ICC cracks down on live betting for corruption-free ICC World Cup
The International Cricket Council vowed Friday to clamp down on live betting to try to ensure a corruption-free World Cup in Australia and New Zealand
Sydney: The International Cricket Council vowed Friday to clamp down on live betting to try to ensure a corruption-free World Cup in Australia and New Zealand. Anyone caught breaking the rules will be barred from the whole tournament, which starts on February 14.
Live betting or "pitch-siding" involves gamblers at sports events gaining an upper hand on other punters by taking advantage of the short time-lag, usually a matter of seconds, between play and live international broadcasts on television. Sir Ronnie Flanagan, head of the ICC's anti-corruption and security unit, said the issue went far deeper than a few clever people getting one over on betting shops.
"I think the risk is that this feeds into a wider and more sophisticated network of illegal betting, often in the Indian sub-continent," he said. Gambling is mostly illegal in India, but betting on cricket matches thrives through networks of underground bookies.
"Facilitating people to either bet on events which are then known events or in terms of illegal bookmakers adjusting their odds to know they should be shortening the odds on something ... I think that's where it is a risk of being some sort of minor contagion."

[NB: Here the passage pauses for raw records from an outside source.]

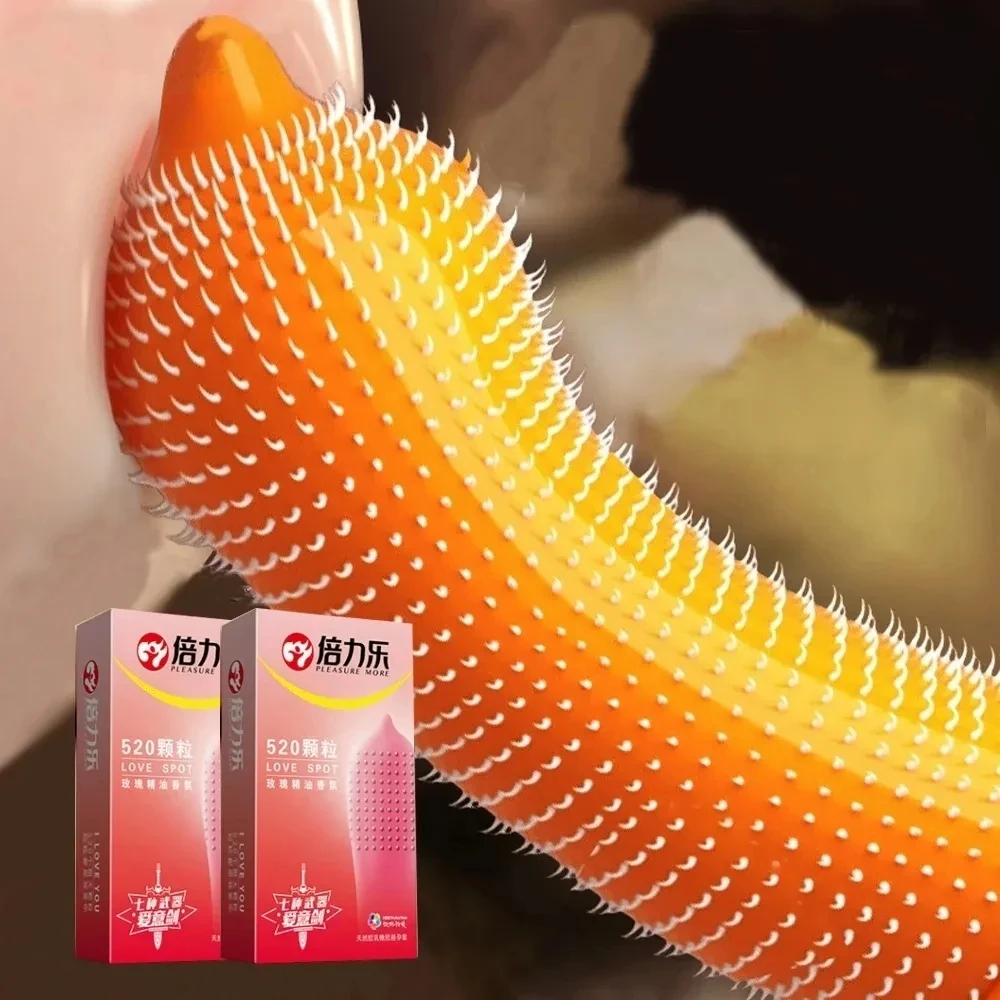 5D Dotted Condoms Thread Ribbed G-Point Latex Ultra Thin Condom Orgasm Contraceptives Stimulate Vaginal Penis Sleeves Sex Toys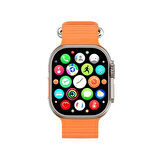 Hytech W69 Watch IOS ve Android Uyumlu MActive 2.05" inç Geniş Ekranlı Gümüş Akıllı Saat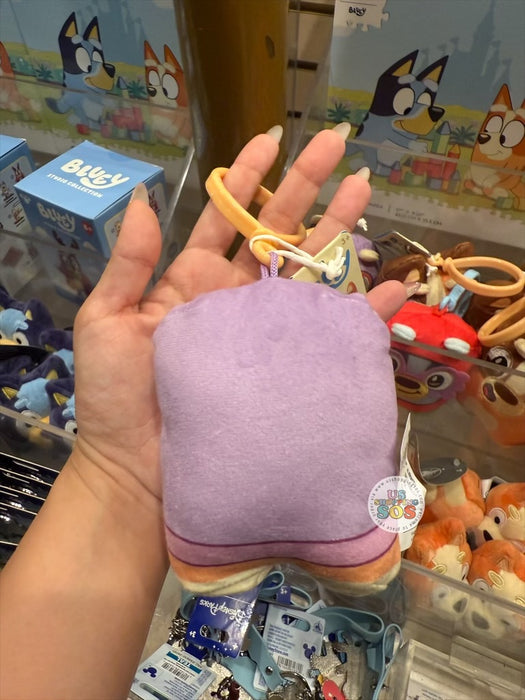 DLR/WDW - Bluey 2026 - Rita Plush Keychain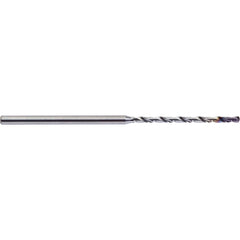 M.A. Ford - 1.7mm, 140° Point, Solid Carbide Micro Drill Bit - Exact Industrial Supply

At least three examples of pitch-siding have been reported during the southern hemisphere summer, with one man thrown out of two T20 Big Bash League games and another ejected from the first match of the ODI series against India. Flanagan, a former British chief constable, said the ICC was sharing information with the New Zealand and Australian governments as well as state administrations. He urged players to be wary of criminals who might seek to take advantage.
"In our line of work, we too often meet and know that there are rotten people out there, criminal people out there, who will do all in their power to get at players and others of influence within the game," Flanagan said.
"They will trick them, they will coerce them, they will try and attract them. "They are almost like paedophiles in how they attempt to groom people into ultimately attempting to do what suits their nefarious intentions in terms of illegal betting and other elements of criminality."
The Indian Premier League 2013 season was mired in controversy after police launched legal proceedings against several officials and cricketers for illegal betting and spot-fixing.